In my experience, huge numbers of religious conservatives are not proud about voting for Trump. They don’t need any more hot takes denouncing them as irredeemable hypocrites. Their consciences bear a discomfort governed by their love for America and the reputation of their faith. But if these religious conservatives have to choose between the dueling dumpster fires of either Trump or a possible Bernie Sanders presidency, they will vote overwhelmingly for Trump. And anyone who misunderstands this will continue projecting onto religious conservatives the usual tired bromides that refuse to reckon with a complicated situation.
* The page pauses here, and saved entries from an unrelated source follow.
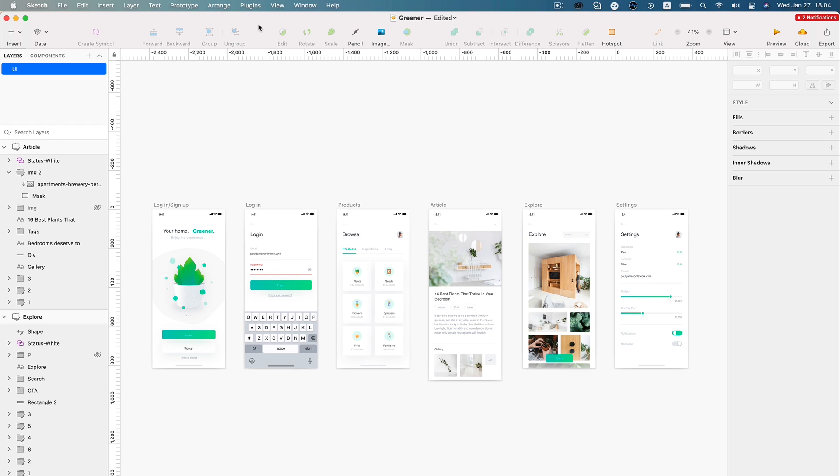So this is an example app Greener, an app for houseplants and just general green living. And I'm just going to go up here and choose the Mockplus plugin so I can just export everything to Mockplus.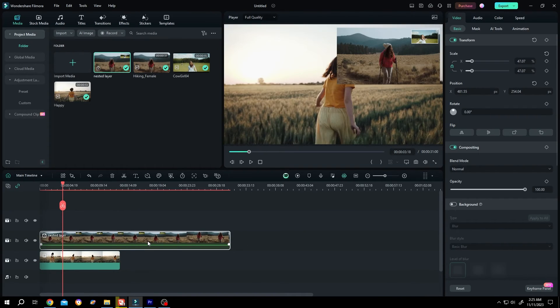So guys that's how easily we can scale multiple video clips at once in Filmora. Thank you guys for watching, have a good day.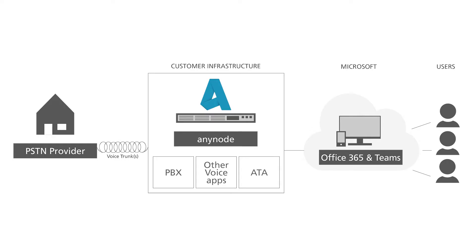AnyNode hosted in Azure is the perfect choice for anyone who wants to connect their Microsoft phone system, also known as Microsoft Teams, to a SIP provider or SIP enabled PBX.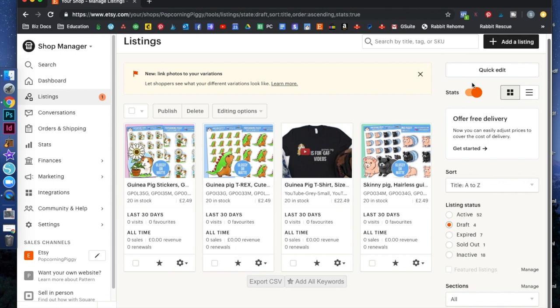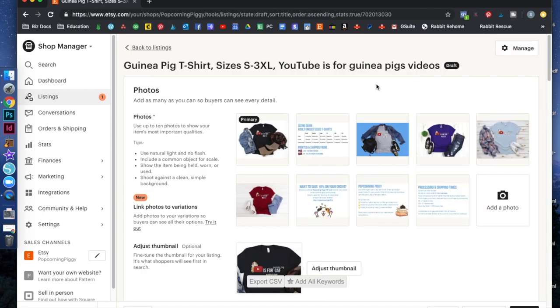Let me turn you around to screen record and show you what it looks like. I am in my own e-commerce shop — and welcome to the channel if you are new — I sell guinea pig themed items in one of my shops and I currently have two, and I'm setting up a third. This is my draft section, and I've pulled one of my t-shirts, duplicated it and pulled it into drafts just so I'm not messing up my own listing.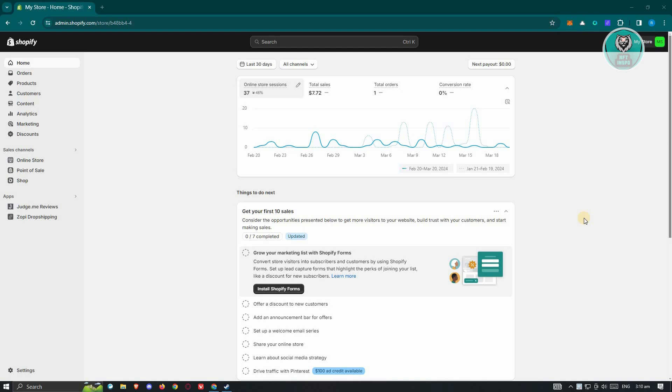The first thing we need to do is access our Shopify store. Go ahead and go to shopify.com, log in to your account, and access your dashboard.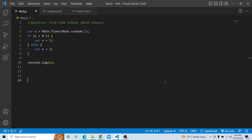Hi everyone. Welcome to the JavaScript coding interview series. In today's video, you have to find the output of the below code and you have to provide a valid reason for how you got that particular output.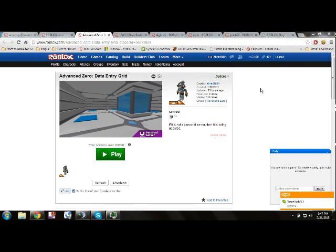If people try to ban you or whatever for doing it, link them to this video — it will explain. It's a simple setting in studio, it's not something to be banned over. It's just people who think it's an exploit or a cheat. Well, if they think that, show them this.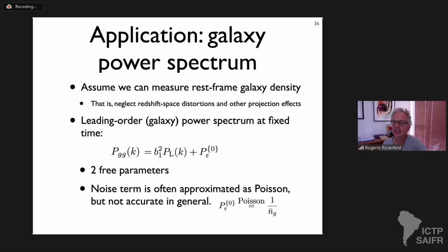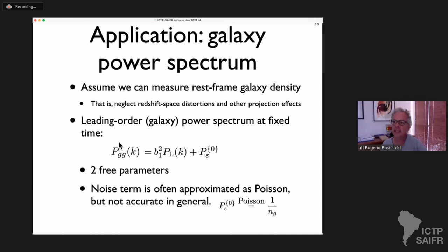If you simply want to know where large-scale over- and under-densities in dark matter are, galaxies can tell us that. We resume in one hour and twenty minutes.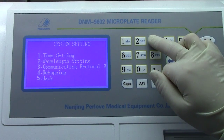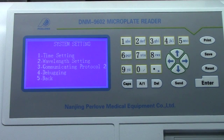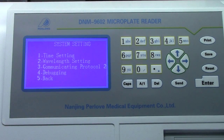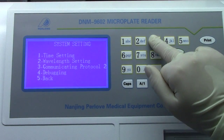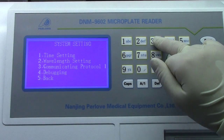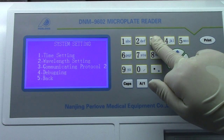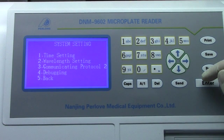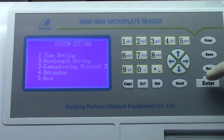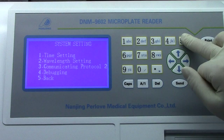Function 4 is debugging — also for our engineers, like function 2. Now let's check option 3: communicating protocol function. It has options 2 and 1; press 3 to change between them. We recommend clients to choose option 2. The system setting is now finished.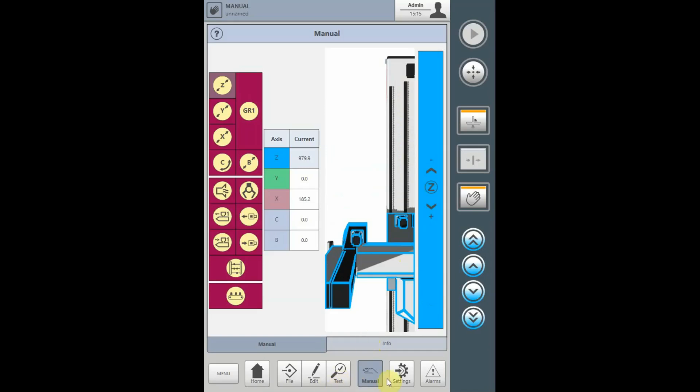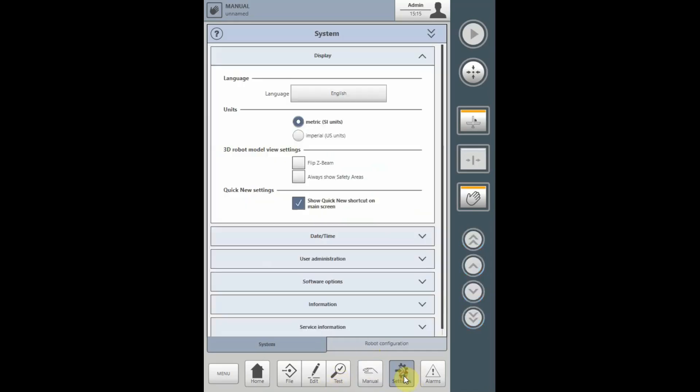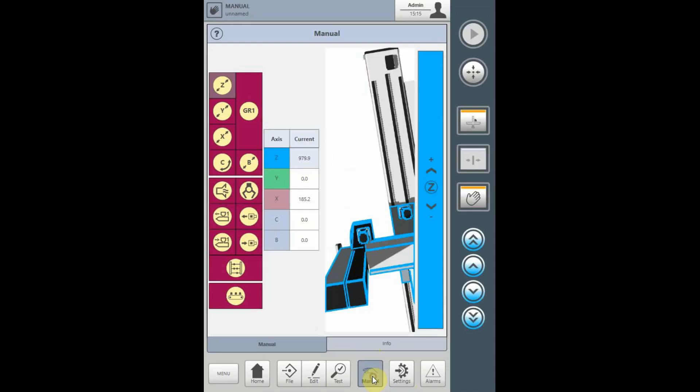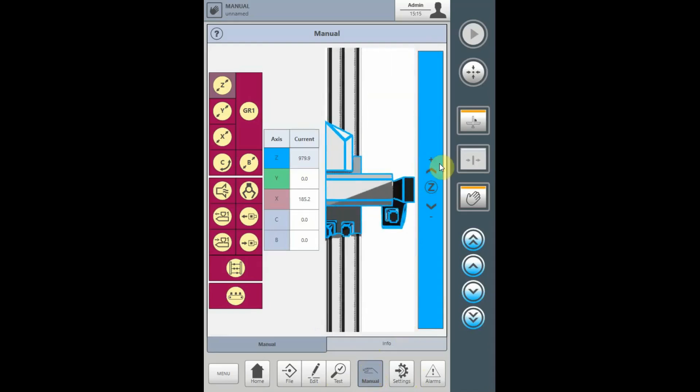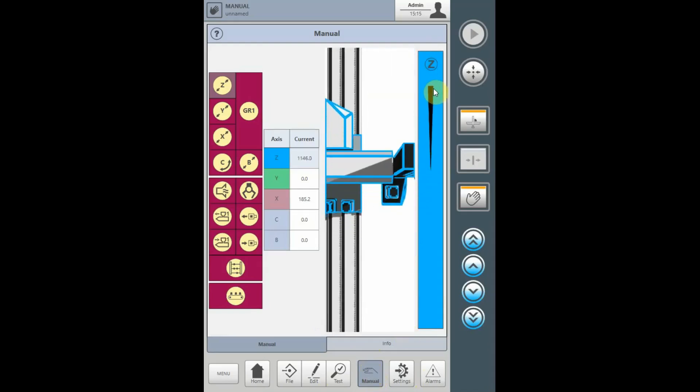Go to the Settings, select Flip Z-Beam. And now when we go to the manual, the positive direction is opposite.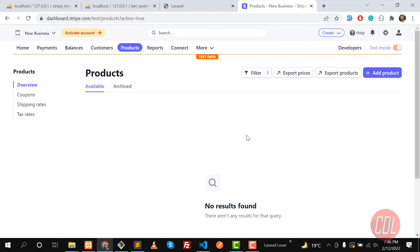Hello everyone. In the previous video we learned how we can charge our customer in Stripe using Laravel Cashier. Now the time is to create different plans in Stripe and then charge our user using subscriptions. I opened the Stripe dashboard and here we are going to create plans.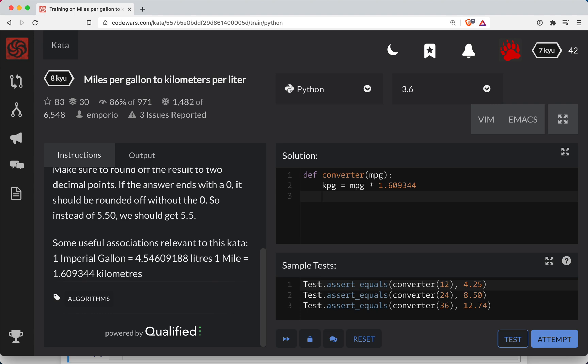Now, in order to go from gallons to liters, we're going to have to do this in the denominator, I think. So this one, man, this one's really tricky. So let's do kilometers per liter is going to be equal to kilometers per gallon.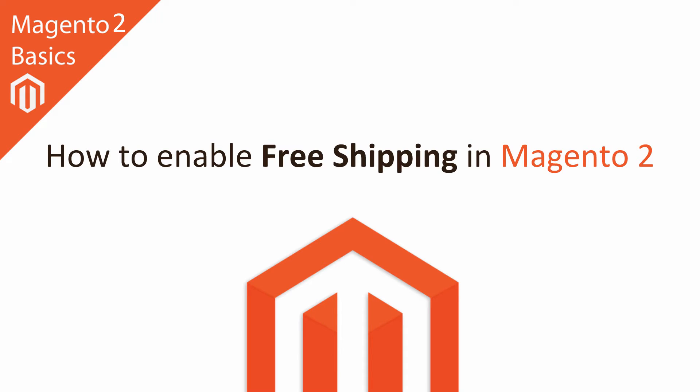Hi I'm Matt and I'm Dave, and in this Magento 2 basics tutorial you're going to learn how to enable free shipping in Magento 2. This is dead easy to set up.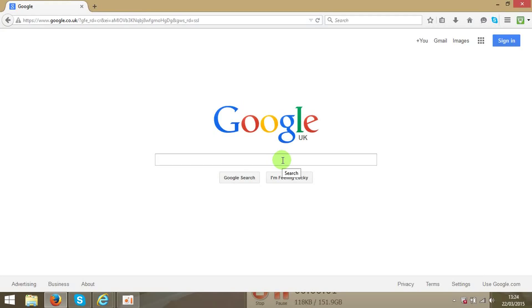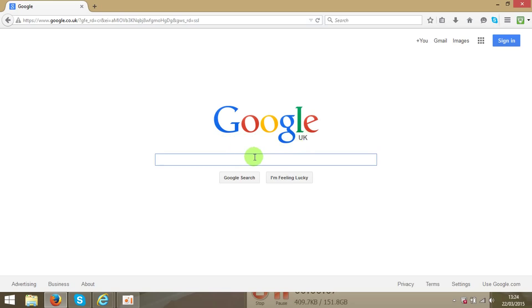Hello guys! Today I'm going to show you how to find your IP address very easily. Go to Google and type what's my IP.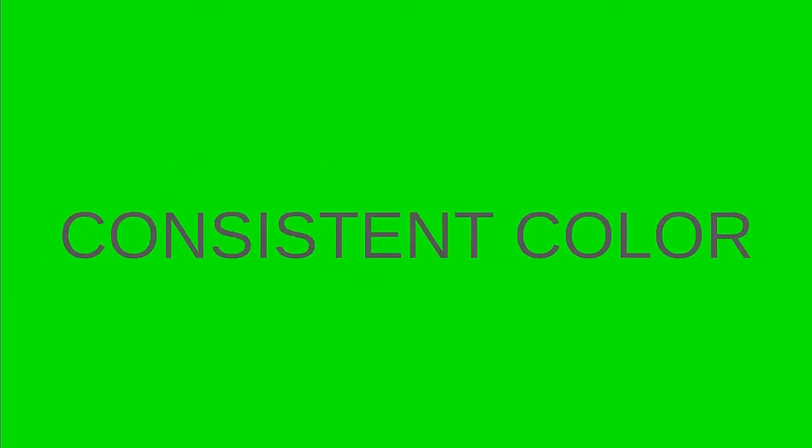So those are the three things you need: you need the camera, you need the lights, and you need the color. All right, so now let me get out of this.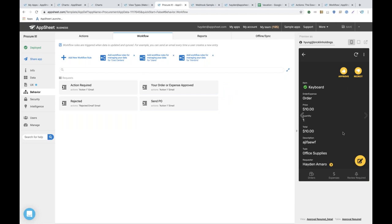It'll notify you whether your expense is approved or rejected, and if it's a procurement order, it'll also generate a dynamic purchase order and send it to a vendor if you've configured it to do so — dynamically pulling in information based on a Google Doc email template, showing an itemized list of everything associated with that purchase order including the total. That's a quick high-level example of how you can use workflows and actions to manage processes.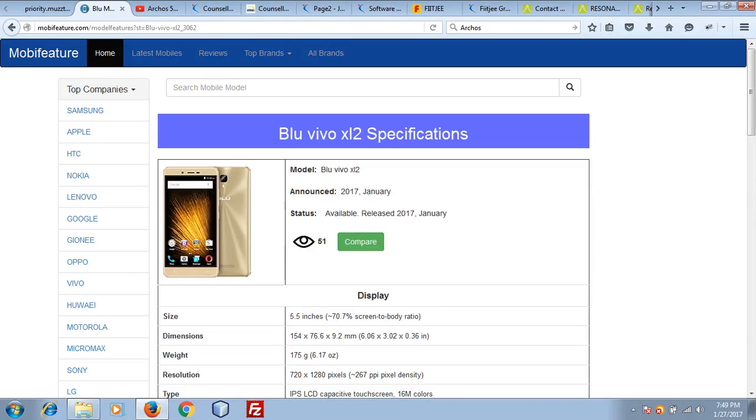Hey friends, this is Airaz and I am going to give you the review of the new latest smartphone by Blue, Blue Vivo XL2.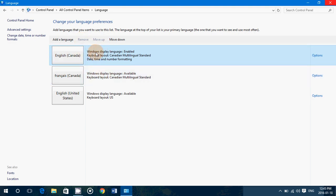Here, for example, it says Windows display language enabled, English Canada, keyboard layout Canadian multilingual standard, and then date, time and numbering formatting.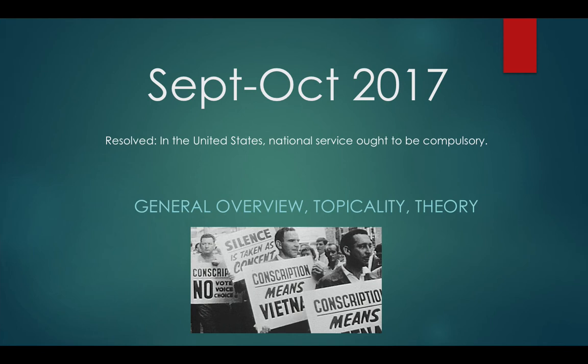Hi everyone. This is the general topic analysis and the topicality and theory topic analysis for the September-October 2017 resolution. Just as a reminder, don't share this with anyone — this is supposed to stay within the squad. I'm going to discuss briefly the overview of military conscription and national service in the United States, and go over the major topicality and theory issues. Look out for assignments to be given in the next couple of days.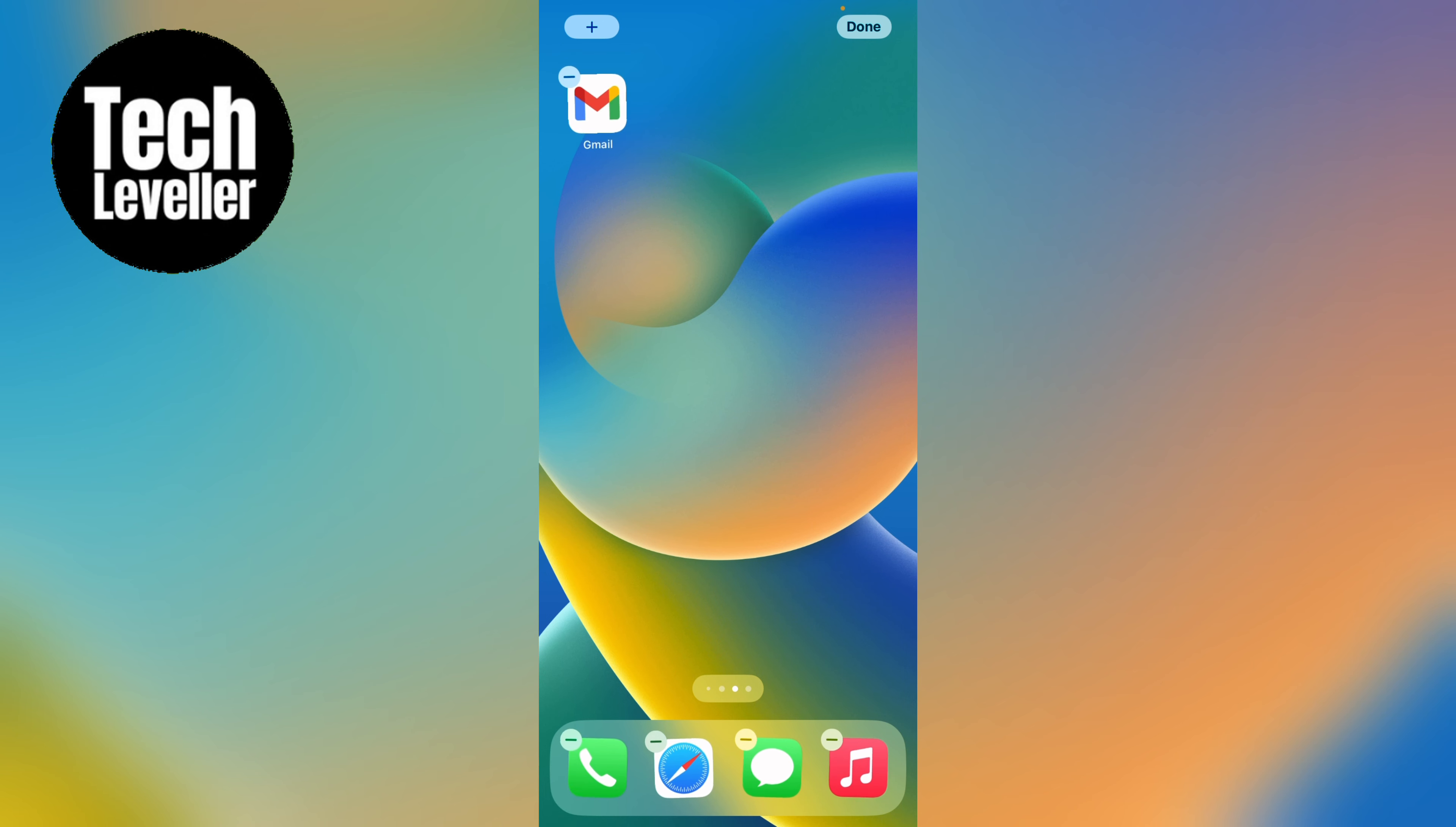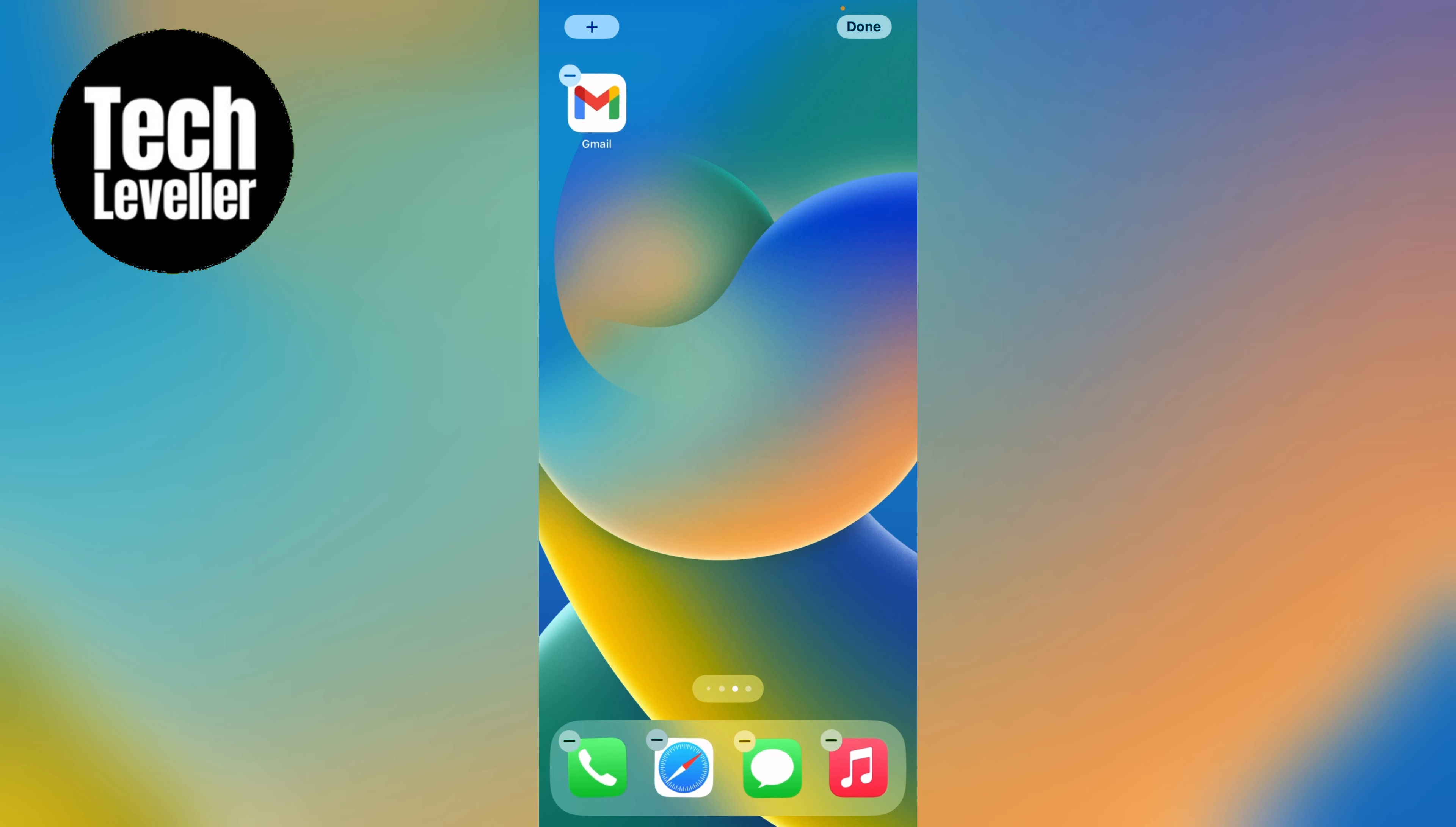Then let go, and this has created a new home screen. Then you can add all the applications and other widgets however you wish on this home screen.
Some religious conservatives may see the world in moral terms — right and wrong; black and white. But there’s a long moral tradition, as far back as Augustine, that sees our world in shades of gray. The City of God lives as earthly inhabitants of the City of Man; thus, our world is imperfect. We are to be “in the world, but not of it.” History does not progress only toward human perfection. In this calculus, religious conservatives might see moral contrasts in black and white, but see voting for a morally compromised figure whose administration pushes back against progressivism as an uncomfortable shade of gray. They understand that, in a fallen world, they will not always be able to vote for candidates of good character and policy. Sometimes, all the candidates are deeply flawed, and a judgment is required of how to steward faithfully one’s democratic privileges.